### AIM OF THE EXERCISE:
As soon as the line containing "6969 Highway 198" appears in the material below, start returning lines exactly, and end with the line containing "Stock Photography - Plate".

### RECORDS FOR THIS EXERCISE:
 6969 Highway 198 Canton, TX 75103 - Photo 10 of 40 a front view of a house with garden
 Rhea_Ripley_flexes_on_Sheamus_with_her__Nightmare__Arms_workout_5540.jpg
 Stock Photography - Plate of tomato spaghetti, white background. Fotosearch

...

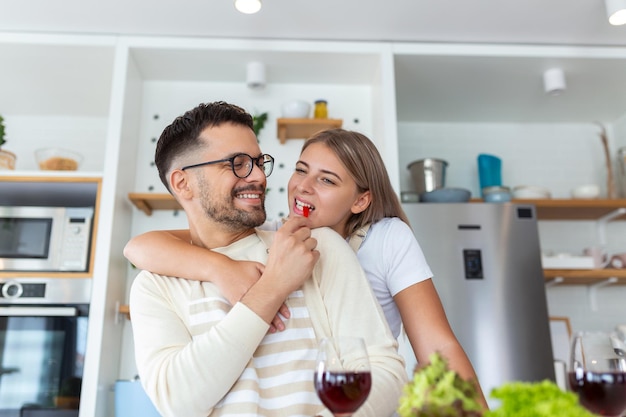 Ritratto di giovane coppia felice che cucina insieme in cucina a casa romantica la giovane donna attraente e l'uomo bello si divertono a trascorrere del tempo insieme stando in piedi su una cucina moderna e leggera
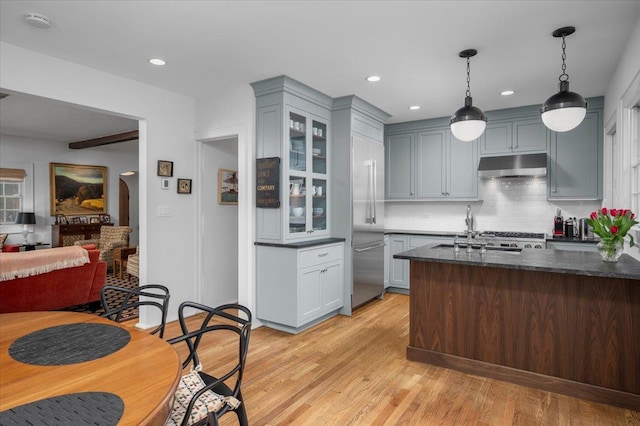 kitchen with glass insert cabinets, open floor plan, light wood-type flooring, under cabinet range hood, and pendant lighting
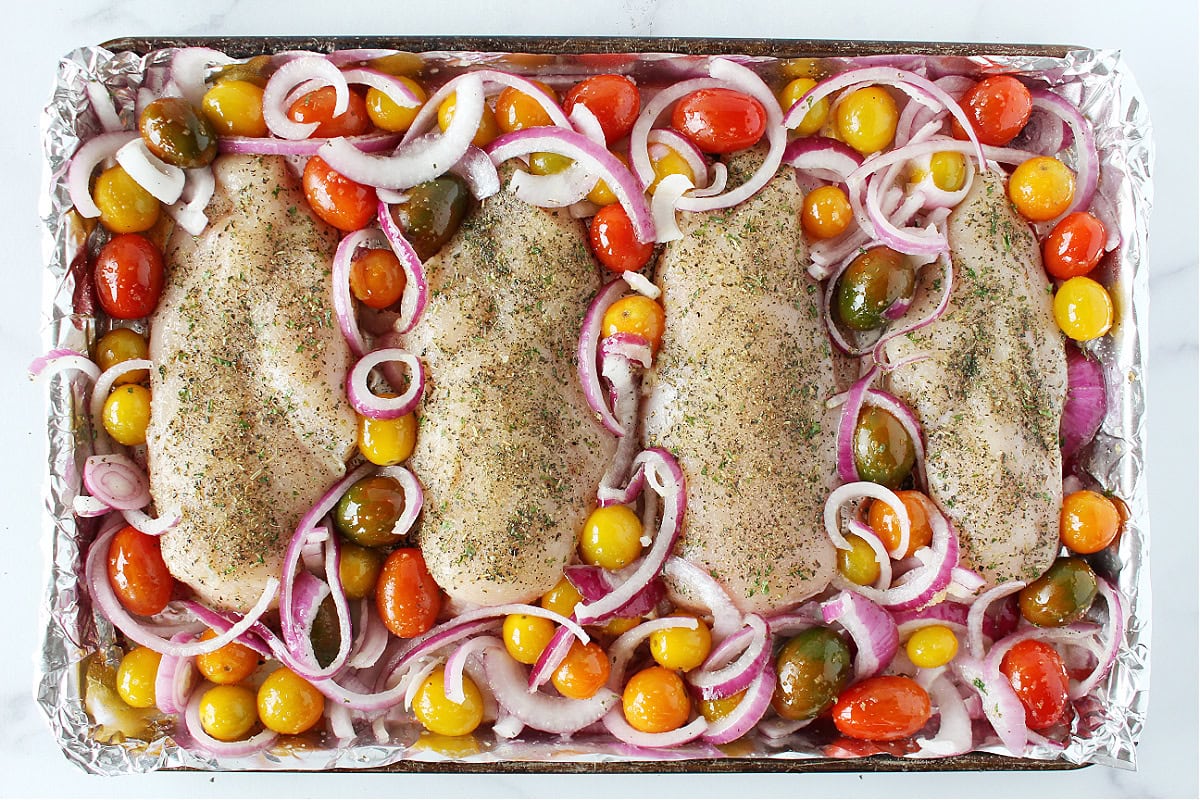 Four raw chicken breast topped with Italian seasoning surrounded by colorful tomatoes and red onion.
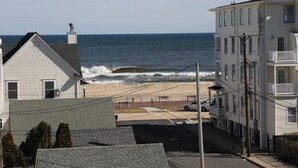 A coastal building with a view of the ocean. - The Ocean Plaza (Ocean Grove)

### RESULT OF THIS EXERCISE:
 6969 Highway 198 Canton, TX 75103 - Photo 10 of 40 a front view of a house with garden
 Rhea_Ripley_flexes_on_Sheamus_with_her__Nightmare__Arms_workout_5540.jpg
 Stock Photography - Plate of tomato spaghetti, white background. Fotosearch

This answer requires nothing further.